Samuel Dodd wasn’t known to be a great bard, but the American oil pioneer has been credited with inking the first poem about life on the rigs. His verses from 1860 speak to the struggle of making money in an always-unpredictable business. Dodd’s eerie words are familiar and any oil company chairman today could lead the board agenda with a few lines like:
The engine stands all idle now,
The heavy auger beats no more,
And must a well of so great cost,
Be given up and wholly lost?
Today’s circumstances have a Doddsian feel; the industry is caught in a price war, a siege battle where wells of so great cost are being given up and wholly lost. Rigs across the continent are idling their engines, pulling up their drill bits, and laying down their masts. Last week 84 more US oil rigs silenced their beat, taking the active oil rig count to 34% below the 2014 highs.
John J. McLaurin, oil historian and author of the classic book, Sketches in Crude Oil, published Dodd’s poem in 1896, during a period of brutal volatility in oil prices; fluctuating from $0.60/B to $1.40/B. McLaurin’s contemporary description of the late 19th century oil business resonates in today’s market: a downturn in demand due to economic slowdown; a surge in global supply; and a handful of powerful competitors vying for lucrative market share. Some people equate the 2014 price crash with 2009. Actually, it’s more reminiscent of the 1890s.
The characters in today’s oil price drama are royal families in the Middle East, entrepreneurs in the United States and oligarchs in Russia. Oil was also a family affair in the late 19th century; the rivals were the Rockefellers, the Rothschilds and the Nobels. The latter two European families were investing in Russian oil production and distribution, while the Rockefellers upheld American interests.
Oil was commercialized in Canada and the US in the late 1850s, but by 1885 the entire North American industry was under siege. Half way around the world, in Tsarist Russia explorers drilled for oil in Baku, around the shores of the Caspian Sea. Some of the finest oil-bearing geology in the world was brought to market.
Sweden’s Ludvig and Robert Nobel backed investment in oil wells, refineries and distribution — allowing Russian oil to reach Europe. And, the Rothschilds of France spent nearly $10 million to complete a railroad from Baku to Batumi on the Black Sea — a supply line that pitted Russian oil against US exports. Within six years of Russia’s oil discoveries, America’s global market share fell from roughly 85% to close to 50%. At the time, the Russians had clear competitive advantages over the US, including prolific production and better access to both European and Asian markets. American wells of “so great cost” were succumbing to competitive pressures during this full-on price war for global market share.
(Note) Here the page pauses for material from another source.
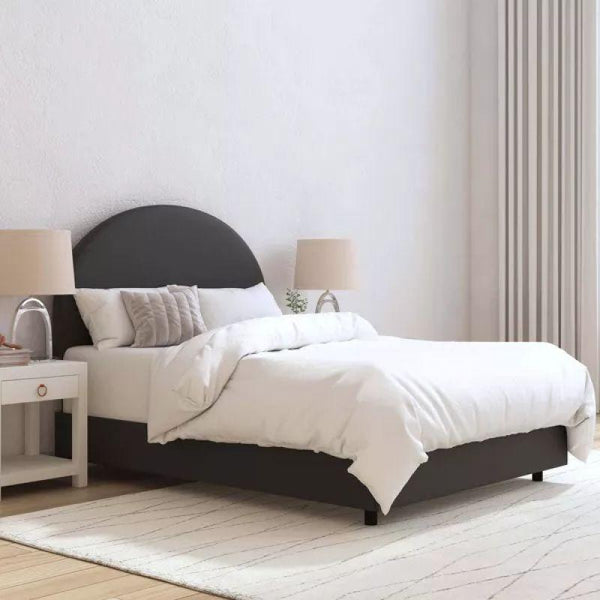 Elite Collection: Swedish Wood Queen Bed - Regal Grey Tranquility (180x200x140) by Alhome - Zrafh.com - Your Destination for Baby & Mother Needs in Saudi Arabia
But the battle did turn. “Russian competition, the extent and danger of which most people do not begin to appreciate,” noted McLaurin in 1896, “was met and overcome by sheer tenacity and superior generalship.”
The general was Standard Oil’s John D. Rockefeller, a ruthless competitor. In order to compete with the Russians, Standard built a large fleet of tanker ships, brought on chemists to more efficiently refine petroleum products from a barrel of oil, and most importantly lowered all costs in order to win back their lost share from the Russians. McLaurin commentated that, “The Standard Oil Company, unrivalled in its equipment of brains and skill and capital, not merely breasted the storm successfully, but did more than all other agencies combined to avert widespread bankruptcy.”
Much has been written about Rockefeller and his Standard Oil in the intervening years, but this brief anecdote begs the question, “Where is the generalship to fight an oil price war today?” Too often, the opening agenda item in a boardroom is a discussion of when oil prices “are going to turn.” That’s important knowledge, but says little about competing to win the long game of ups and downs.
Not once in Dodd’s ode to the oilfield does he mention that the price of oil was the root of an operator’s problems in tough times. Both Dodd and McLaurin remind us that winners of price wars don’t fight on price. They fight on cost.